Your instructions:
Please copy each line of the data that includes the string "with".

Recorded data:
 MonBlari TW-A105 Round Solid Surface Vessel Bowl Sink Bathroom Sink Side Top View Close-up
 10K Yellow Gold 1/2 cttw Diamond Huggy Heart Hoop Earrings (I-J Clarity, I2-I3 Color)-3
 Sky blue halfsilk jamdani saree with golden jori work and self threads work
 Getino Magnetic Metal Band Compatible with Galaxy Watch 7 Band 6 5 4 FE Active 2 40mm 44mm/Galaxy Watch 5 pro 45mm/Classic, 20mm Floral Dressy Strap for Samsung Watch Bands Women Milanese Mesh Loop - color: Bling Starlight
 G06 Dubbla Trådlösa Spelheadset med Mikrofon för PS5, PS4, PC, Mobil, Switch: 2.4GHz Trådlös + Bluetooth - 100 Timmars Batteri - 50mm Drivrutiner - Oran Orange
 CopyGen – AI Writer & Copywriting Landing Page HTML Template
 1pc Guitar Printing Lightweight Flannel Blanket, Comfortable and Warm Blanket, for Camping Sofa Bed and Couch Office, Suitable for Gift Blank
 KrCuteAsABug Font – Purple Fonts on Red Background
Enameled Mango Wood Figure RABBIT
--
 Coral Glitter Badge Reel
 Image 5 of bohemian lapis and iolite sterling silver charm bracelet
==
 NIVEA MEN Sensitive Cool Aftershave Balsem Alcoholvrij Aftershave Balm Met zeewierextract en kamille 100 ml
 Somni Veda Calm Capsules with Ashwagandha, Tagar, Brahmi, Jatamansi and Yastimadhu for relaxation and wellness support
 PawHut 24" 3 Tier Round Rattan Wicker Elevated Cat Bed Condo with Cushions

Task response:
 Sky blue halfsilk jamdani saree with golden jori work and self threads work
 Getino Magnetic Metal Band Compatible with Galaxy Watch 7 Band 6 5 4 FE Active 2 40mm 44mm/Galaxy Watch 5 pro 45mm/Classic, 20mm Floral Dressy Strap for Samsung Watch Bands Women Milanese Mesh Loop - color: Bling Starlight
 Somni Veda Calm Capsules with Ashwagandha, Tagar, Brahmi, Jatamansi and Yastimadhu for relaxation and wellness support
 PawHut 24" 3 Tier Round Rattan Wicker Elevated Cat Bed Condo with Cushions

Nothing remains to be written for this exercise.